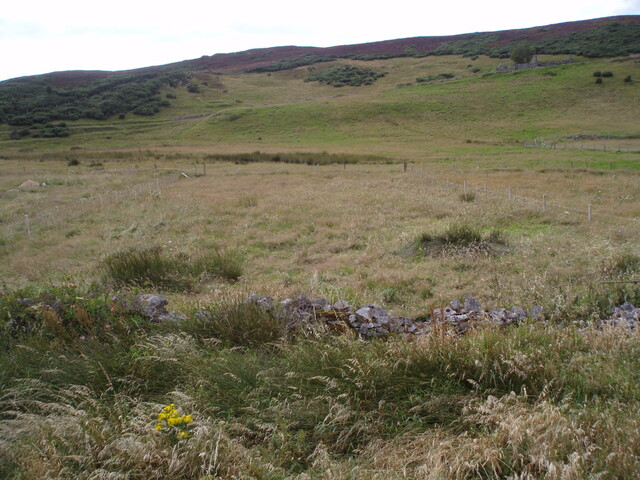 P8170009.jpg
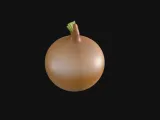 onion-0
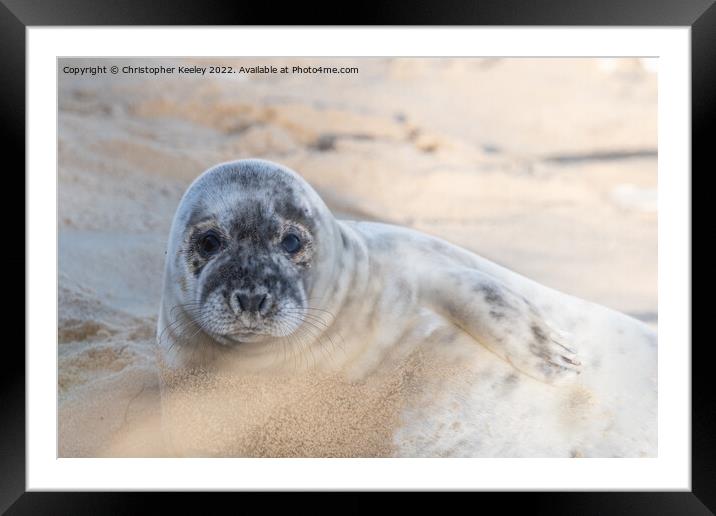 Norfolk seal laying on beach Framed Mounted Print by Christopher Keeley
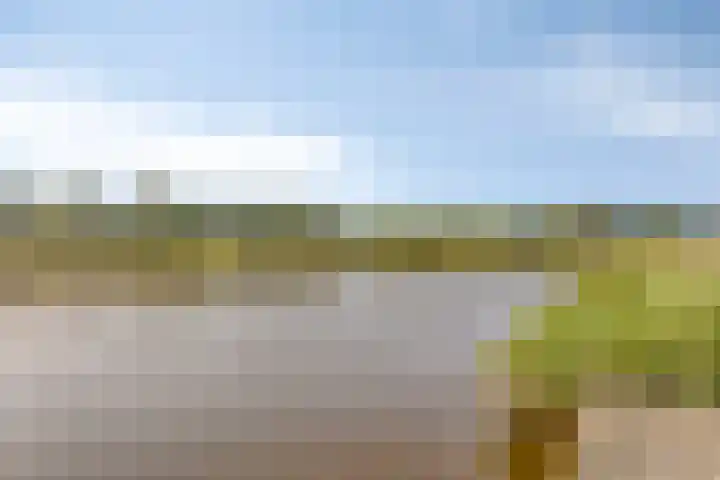 Mauritslaan 6 Zierikzee thumbnail 42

Task objective>
Omit every picture while copying the listing above exactly.

Response box>
 P8170009.jpg
 onion-0
 Norfolk seal laying on beach Framed Mounted Print by Christopher Keeley
 Mauritslaan 6 Zierikzee thumbnail 42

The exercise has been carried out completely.